RECORDS FOR THE TASK.
+--

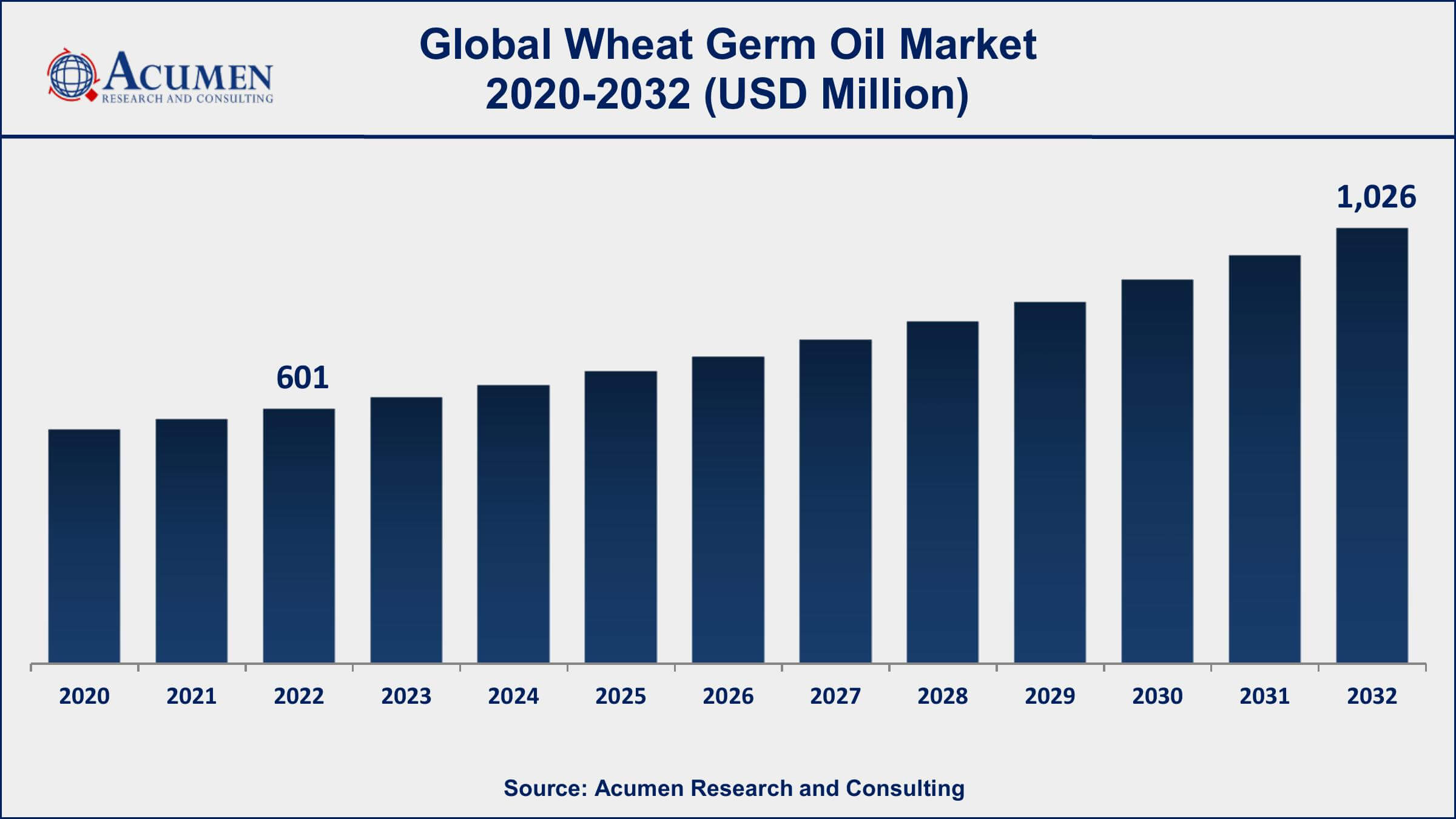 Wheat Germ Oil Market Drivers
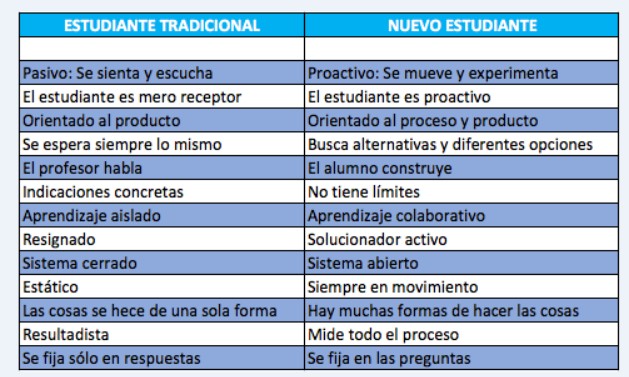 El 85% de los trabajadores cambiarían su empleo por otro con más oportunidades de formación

+--

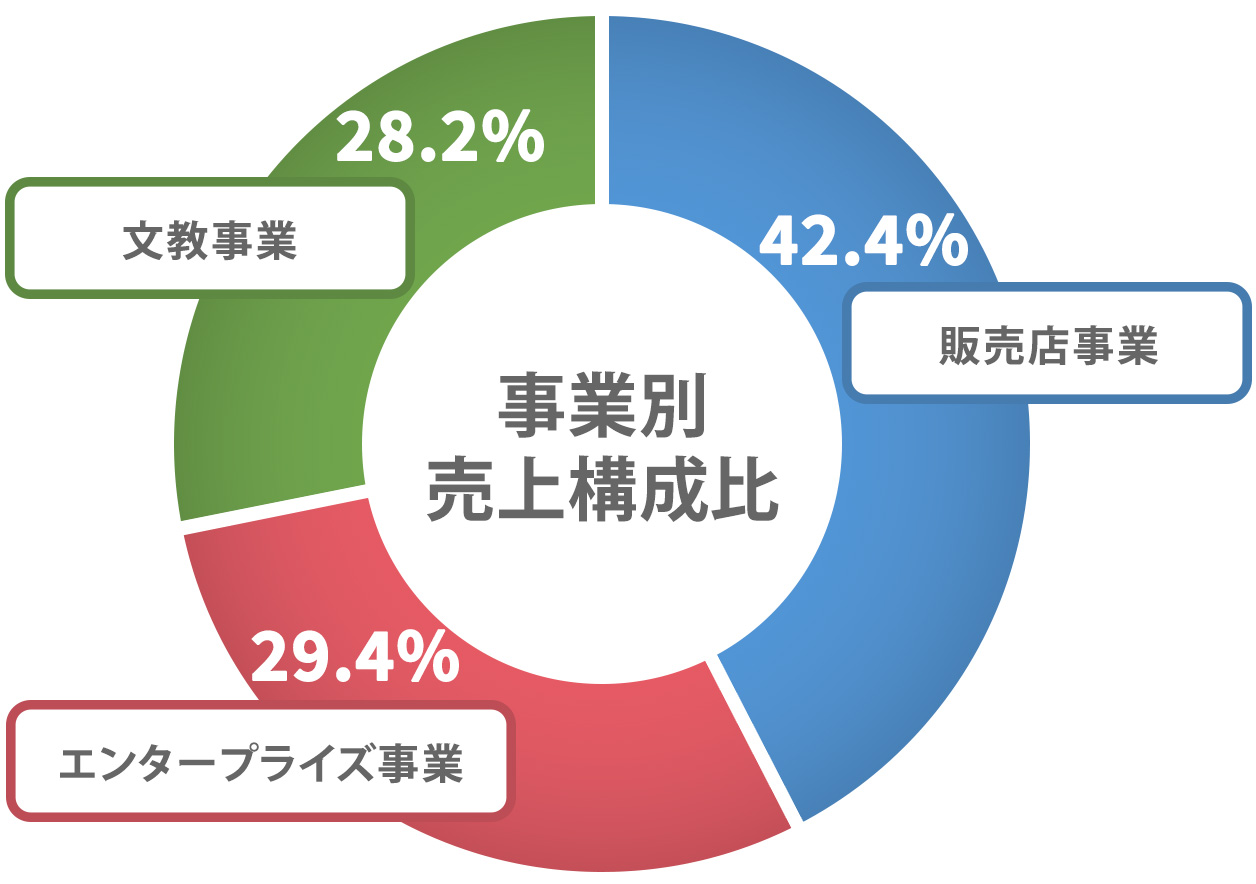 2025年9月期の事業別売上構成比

+--

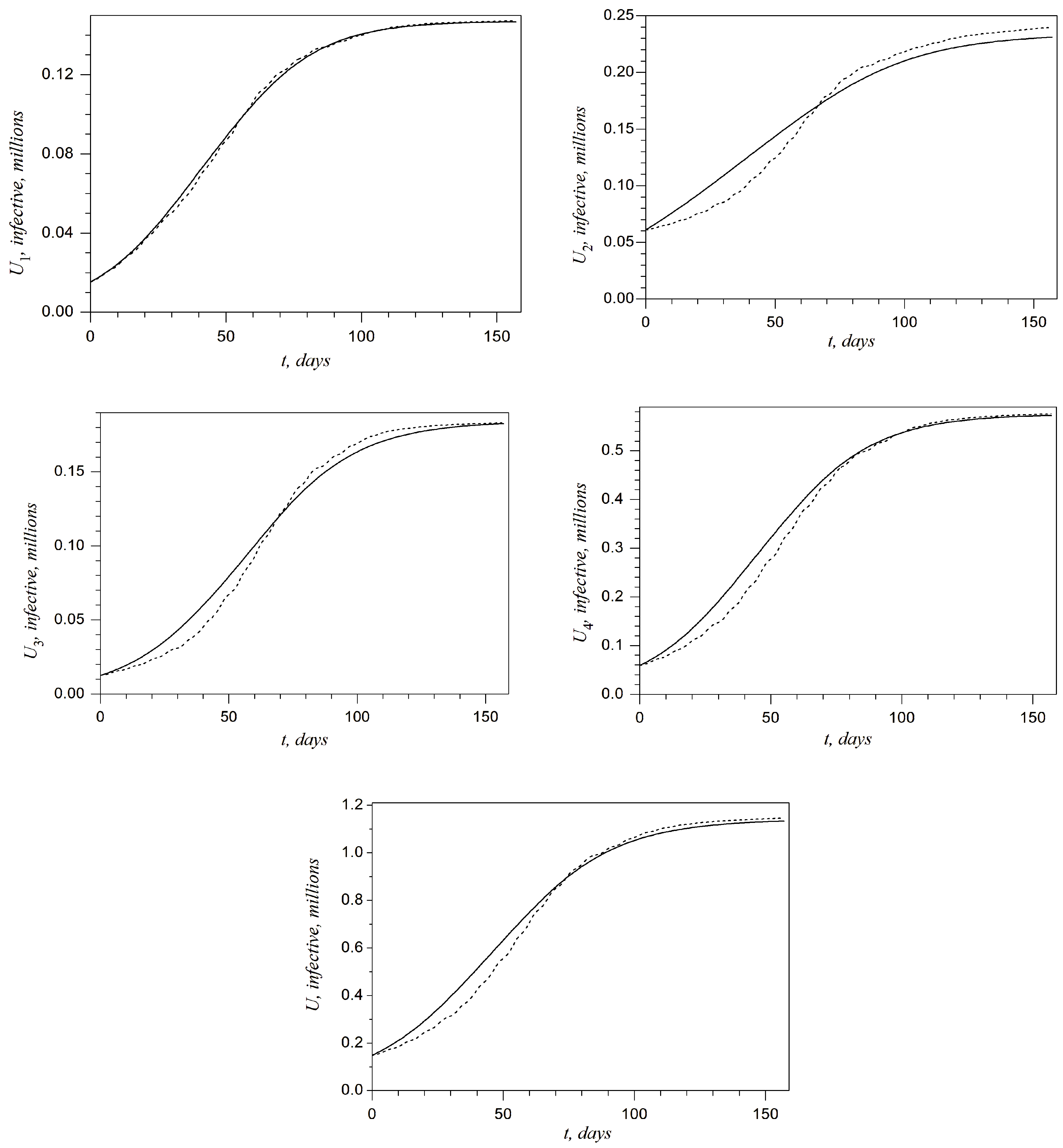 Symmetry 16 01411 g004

+--

BRIEF.
Transcribe, from the material above, the stretch starting at the line with "Wheat Germ Oil Market Drivers" and ending at the line with "El 85% de los", both included, exactly. Do not carry over pictures.

FINISHED EXERCISE.
 Wheat Germ Oil Market Drivers
 El 85% de los trabajadores cambiarían su empleo por otro con más oportunidades de formación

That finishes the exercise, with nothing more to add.